Nobody. Nobody except me and Pen. If I don’t do anything, she’ll be murdered, or eaten by cinema screens.

‘But… if she comes home, what happens to me?’ Not-Triss whispered, her face in her hands, tear strands tickling at her fingers. ‘What am I supposed to do?’

It was fairly plain that she needed to do something. If she did not, soon there might be no Trisses left whatsoever.

The world looked different as Not-Triss walked back. It was as if she was letting herself see with her true eyes for the first time, no longer trying to convince herself that everything looked normal. There was a new glisten to everything. Walls and trees conspired as she passed, their silent murmurs spreading through the air like blood into water. She was noticing things, like the way her own feet made little sound however fast she walked.

Before, she had felt desperate and terrified, but all the while she had at least sensed the safety net of her parents’ love stretched invisibly below her. Now she knew how small a tug would be needed to drag it from beneath her. Her thoughts performed the same manic carousel all the way home.

I have to find out what’s going on. Then maybe I can discover what’s wrong with me.

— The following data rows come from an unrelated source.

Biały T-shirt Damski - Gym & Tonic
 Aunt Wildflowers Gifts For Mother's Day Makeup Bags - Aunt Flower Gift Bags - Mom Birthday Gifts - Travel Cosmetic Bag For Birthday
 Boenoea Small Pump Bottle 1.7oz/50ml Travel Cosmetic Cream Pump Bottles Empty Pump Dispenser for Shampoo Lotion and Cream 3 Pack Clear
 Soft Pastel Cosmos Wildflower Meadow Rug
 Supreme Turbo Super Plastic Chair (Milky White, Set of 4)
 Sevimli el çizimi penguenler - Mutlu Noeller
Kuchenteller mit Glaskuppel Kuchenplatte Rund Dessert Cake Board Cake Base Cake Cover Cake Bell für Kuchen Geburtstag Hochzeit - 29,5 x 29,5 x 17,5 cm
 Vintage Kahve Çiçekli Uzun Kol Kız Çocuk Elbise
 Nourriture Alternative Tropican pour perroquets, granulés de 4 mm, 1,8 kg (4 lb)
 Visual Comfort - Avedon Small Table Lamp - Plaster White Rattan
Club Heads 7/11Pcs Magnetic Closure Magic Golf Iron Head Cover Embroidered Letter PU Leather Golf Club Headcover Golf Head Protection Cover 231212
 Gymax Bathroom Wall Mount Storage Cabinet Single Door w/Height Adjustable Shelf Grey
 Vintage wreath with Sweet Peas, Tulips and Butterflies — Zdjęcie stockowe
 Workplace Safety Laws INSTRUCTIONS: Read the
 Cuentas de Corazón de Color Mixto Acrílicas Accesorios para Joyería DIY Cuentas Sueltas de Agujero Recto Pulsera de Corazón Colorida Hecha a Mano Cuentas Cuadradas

Maybe I can find a way to rescue the real Triss, and help Sebastian. And maybe… maybe… maybe… if I do that, then they won’t mind there being two Trisses.

But she could not believe it, and when at last the Crescent home came into view, her emotions leaped and flapped like washing in a tornado.

I can’t let them know what I am, I can’t, I can’t! But Pen knows! How can I stop her telling everybody? No, Pen won’t tell. She can’t, not without admitting what she did.